All records that follow are to be copied exactly, with images omitted.

++++++++++

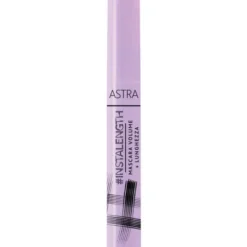ASTRA MASCARA #INSTALENGTH VOLUME+LUNGHEZZA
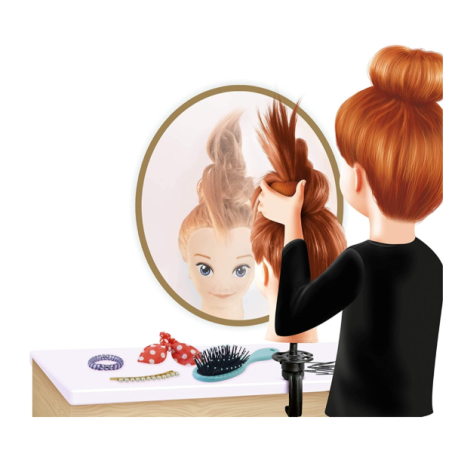 Estudio Belleza Profesional Peluquería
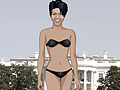 Die First Lady USA online spielen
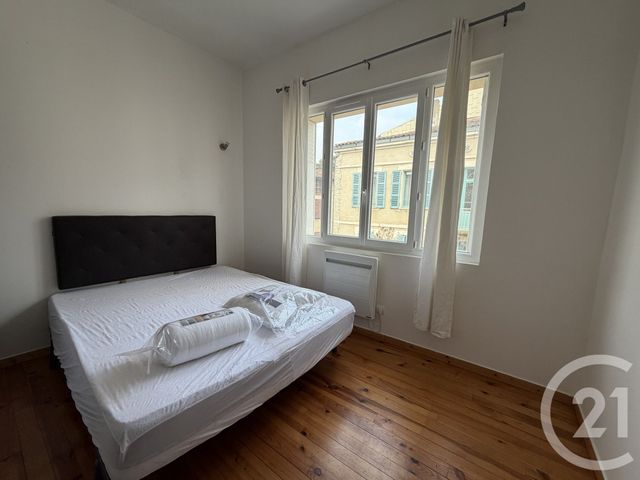 Maison &agrave; louer - 4 pi&egrave;ces - 70 m2 - Pamiers - 09 - MIDI-PYRENEES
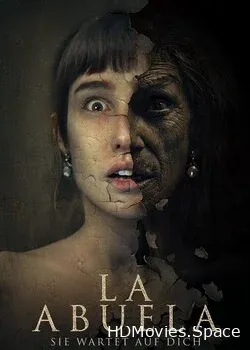 Бабушка (2021)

++++++++++

*Output*
ASTRA MASCARA #INSTALENGTH VOLUME+LUNGHEZZA
 Estudio Belleza Profesional Peluquería
 Die First Lady USA online spielen
 Maison &agrave; louer - 4 pi&egrave;ces - 70 m2 - Pamiers - 09 - MIDI-PYRENEES
 Бабушка (2021)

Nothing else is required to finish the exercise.